Back to Toronto for a second. Altidore reminds me of Kenny Cooper. I think he should be played as a wide target man on top of a fullback. He doesn't seem to handle being posted up by central defenders. I am reminded of this because in the Portland-Philadelphia game, Oguchi Oneywu was the first center back to give Fanendo Adi a hard time this season. Both are big guys and Gooch held his own. The Timbers responded by letting Adi roam wide to the left where Nagbe plays. Blanco came in from the right, looking like a poor man's version of Giovinco, and Oneywu had a harder time keeping up with the quick waterbug movement of the little guy.

Orlando handed the Red Bulls another defeat despite New York looking pretty decent. Tyler Adams is supposed to be the next hot thing at midfield for the US under 20 crowd, so much so that New York traded Dax McCarty. It seems like that one piece of the puzzle has thrown them just a bit out of sorts to start the season. Orlando, without Kaka, have the best two-striker tandem in the league in Kyle Larin and Carlos Rivas. Those guys are fun to watch like it is 1995 in the Premier League again.

Salt Lake managed a 3-0 win for their new coach in the snow against Vancouver. Vancouver is just reeling now. Two years ago, I thought coach Carl Robinson was a hot commodity, but now he has a tough task to get Vancouver back on track. He opted for a 3-5-2 formation for the first time I have ever seen Vancouver line up that way. It wasn't the three defenders that was the problem. The game was remarkable in that the midfield battle of 3 against 5 was completely dominated by Salt Lake with Beckerman, Mullholand and Rusnak. The Vancouver midfield completed maybe 80 passes all game long. It was ugly.

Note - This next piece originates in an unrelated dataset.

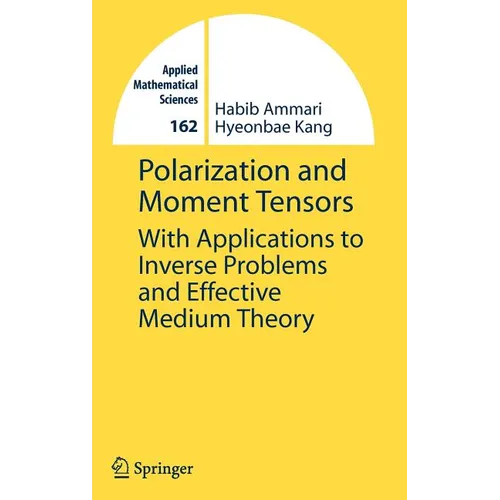 Polarization and Moment Tensors: With Applications to Inverse Problems and Effective Medium Theory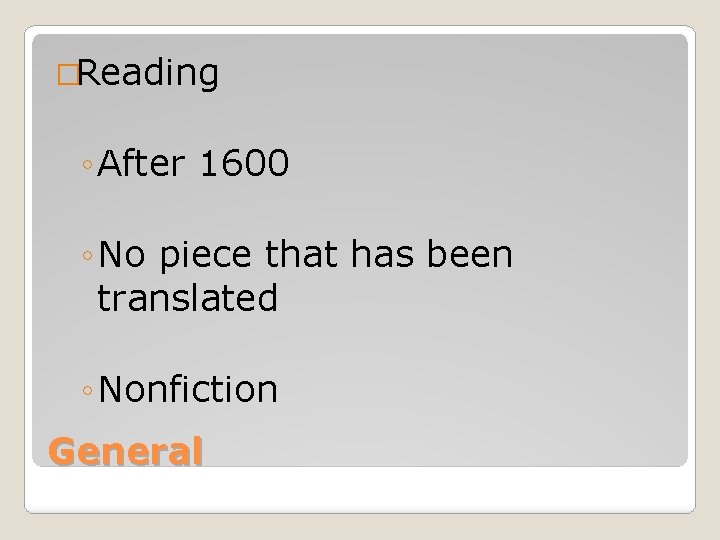�Reading ◦ After 1600 ◦ No piece that has been translated ◦ Nonfiction General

I watched all of the Atlanta-Toronto game. How does Atlanta manage to hire Tata Martino who won a group in the 2010 World Cup with Paraguay and coached Barcelona in 2013? How does an expansion team field a roster with Parkhust, Mears, Larentowicz and have a trio of Latin attackers so good that Kenwyne Jones is relegated to a 80th minute substitution. Jones is the equal of Kenny Cooper who started at striker for the Timbers in their expansion season. Having said that, Toronto pretty much won the midfield battle in this one. Atlanta are pretty much a vertical team. Opponents are going to learn to sit deeper and keep things in front of them. This game had end-to-end moments like basketball, and that was where Toronto got hurt.

The MLS still has some weird results. Just when it looks like a team is down and out, they pull off an improbable win. Based on this phenomenon, I predict Vancouver to beat Seattle by 3 goals, Philadelphia to beat New York City by 4 goals and Montreal to beat Atlanta by 2 goals this coming weekend. All three are playing home, are bottom of the table and the rumblings have begun - sounds like a sure thing.